Six Archetypes of Women
The research, the authors claim, identifies six main archetypes of women, each with different wants and needs:
- The Fast Tracker. Women who control the greatest percentage of wealth. They “seek adventure and learning, and will spend a lot of time researching products,” according to the authors.
- Pressure Cooker. The women who most feel the stress of too little time and too many responsibilities. They “are constantly on the lookout for anything that will give them additional leverage over time.”
- Relationship-Focused. Well-educated women who are more motivated by family than by achieving a successful career. As a result, “they are not particularly materialistic.”
- Fulfilled Empty Nesters. Usually in their 50s or older. They are “loyal and inspirational to women in other segments.”

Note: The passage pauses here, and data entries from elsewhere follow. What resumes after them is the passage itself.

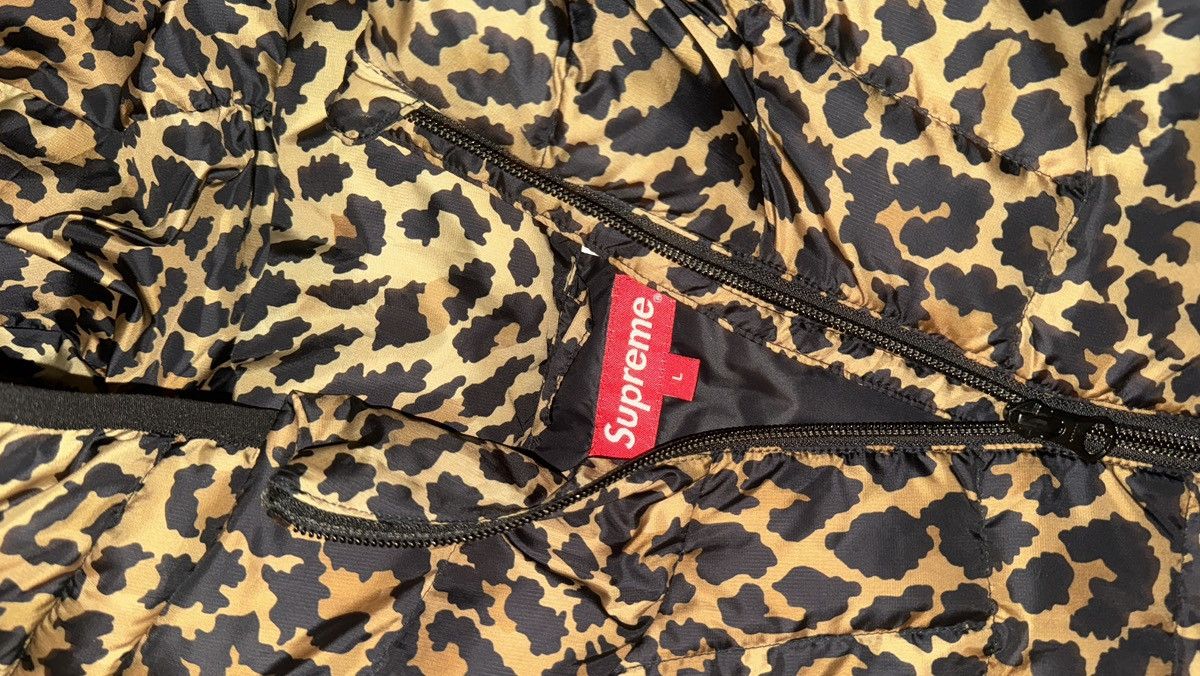 Supreme FW21 Leopard print micro down half zip pullover Size US L / EU 52-54 / 3 - 5 Thumbnail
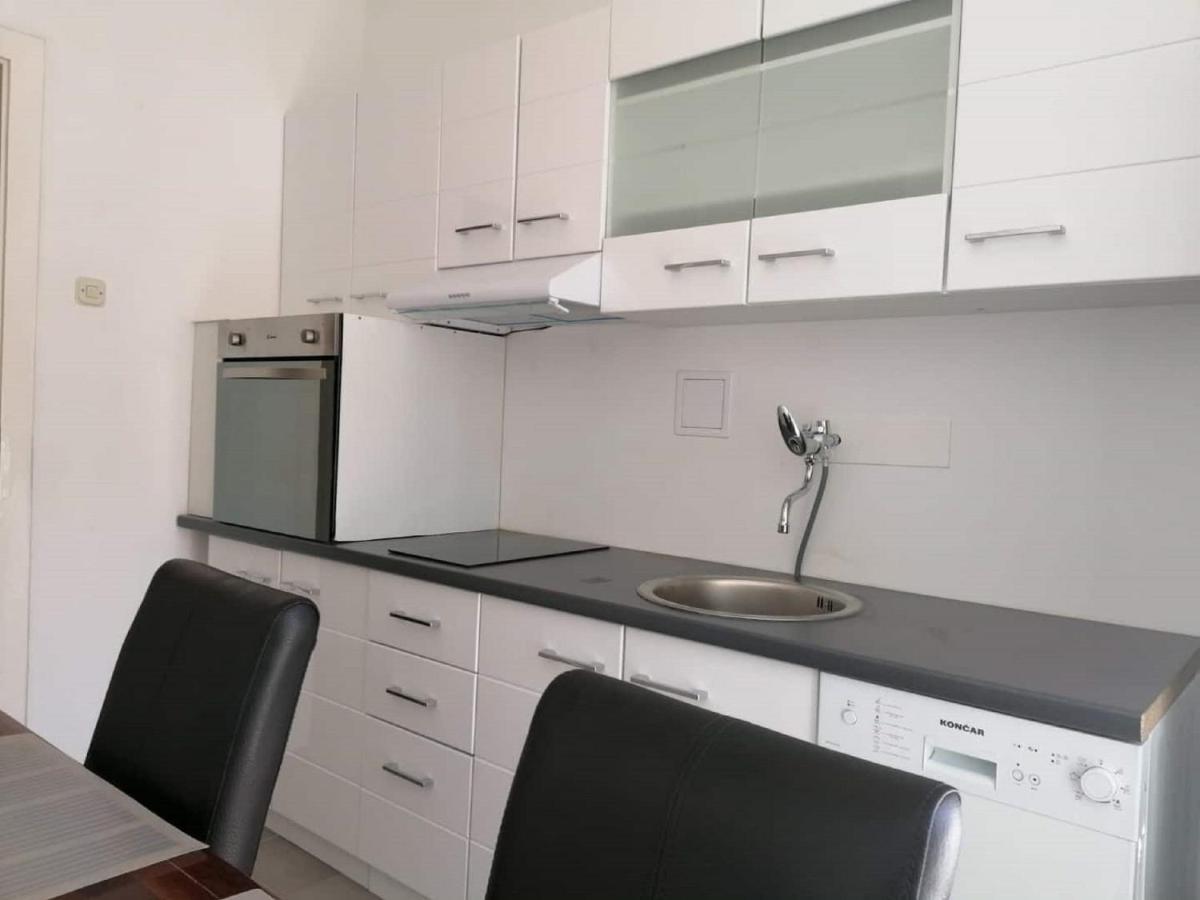 Ema Apartment *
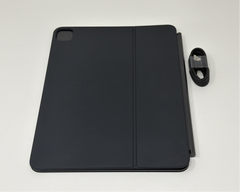 Apple Magic Keyboard Black for iPad Pro 13 M4 A2974 MWR53LL/A Very Good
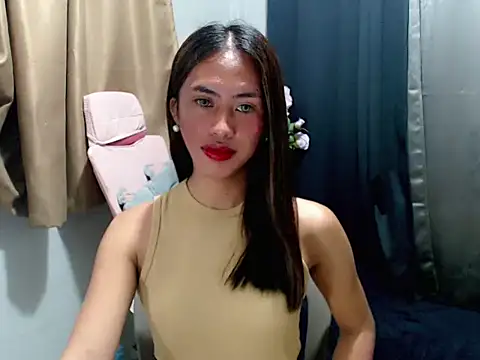 Snapshot of secretmiller_ chatting on November 24, 2025, 8:20 pm secretmiller online show from November 24, 2025, 8:20 pm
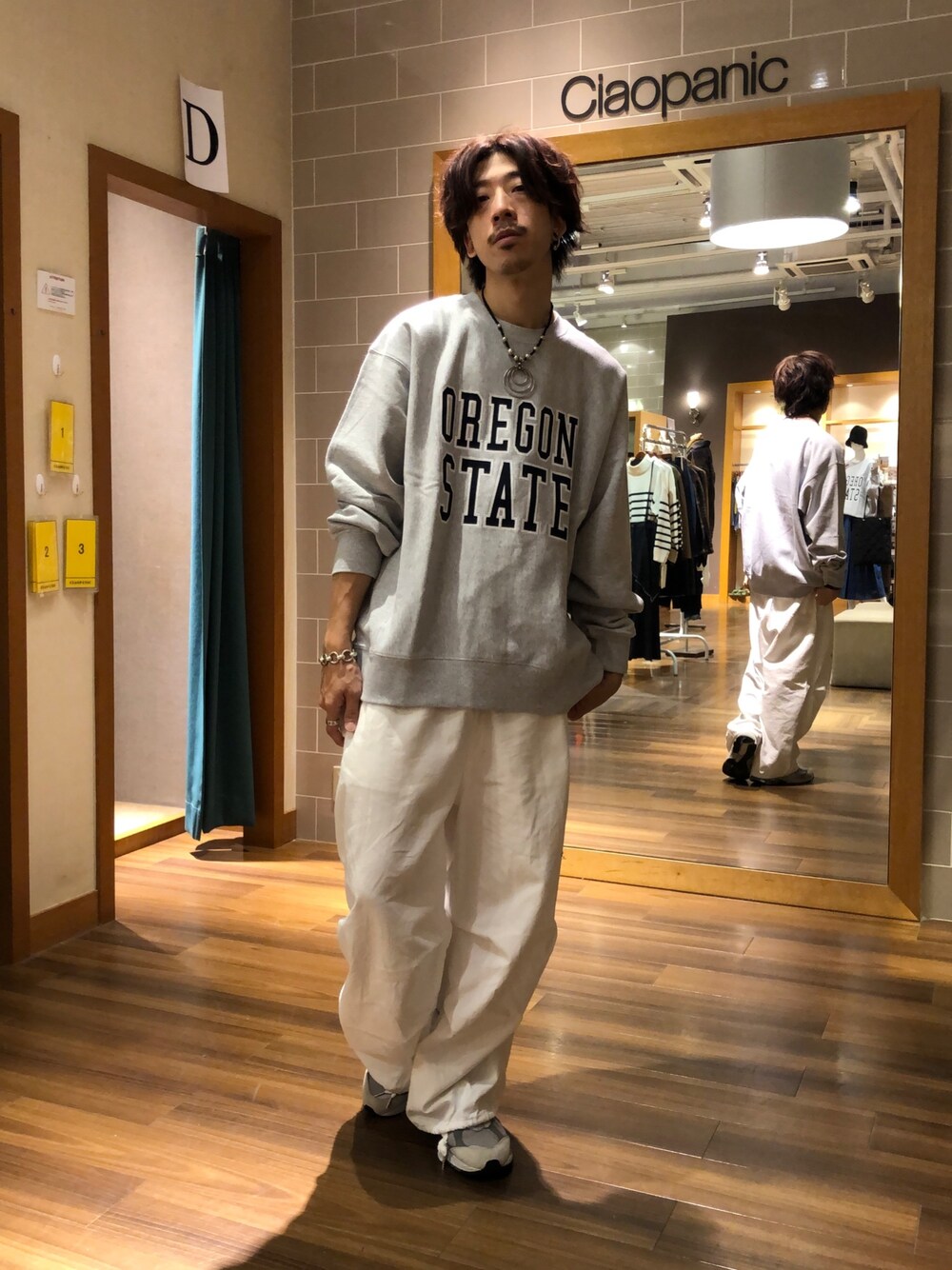 「秋ルック紹介するよ、ビッグシルエット、秋服、秋冬コーデ、オーバーサイズ、おしゃれさんと繋がりたい、カジュアル、いいね、save、フォローお願いします🤑、古着MIX、スニーカー、オトナカジュアル、古着コーデ」｜「CPCMのヘビーウェイト無地スウェット（スウェット、グレー系）」を使った、TAKUMI YOSHINAGAさん（メンズ・175cm）の秋コーディネートの1枚目の写真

- Managing on Her Own. Women who have to manage their own finances and pay their own way. This group is “looking for ways to make connections, keep themselves happily occupied and meet like-minded people.”
- Making Ends Meet. Women who are overwhelmed by managing finances. She has “well-established shopping patterns” and is “careful with her money.”
“Knowing the archetypes give you a better chance to find the right individual and then to ‘own’ her for life,” the authors write. “You could create a richly imagined consumer. You would understand her latent dissatisfactions. And your company would respond with full resolve.”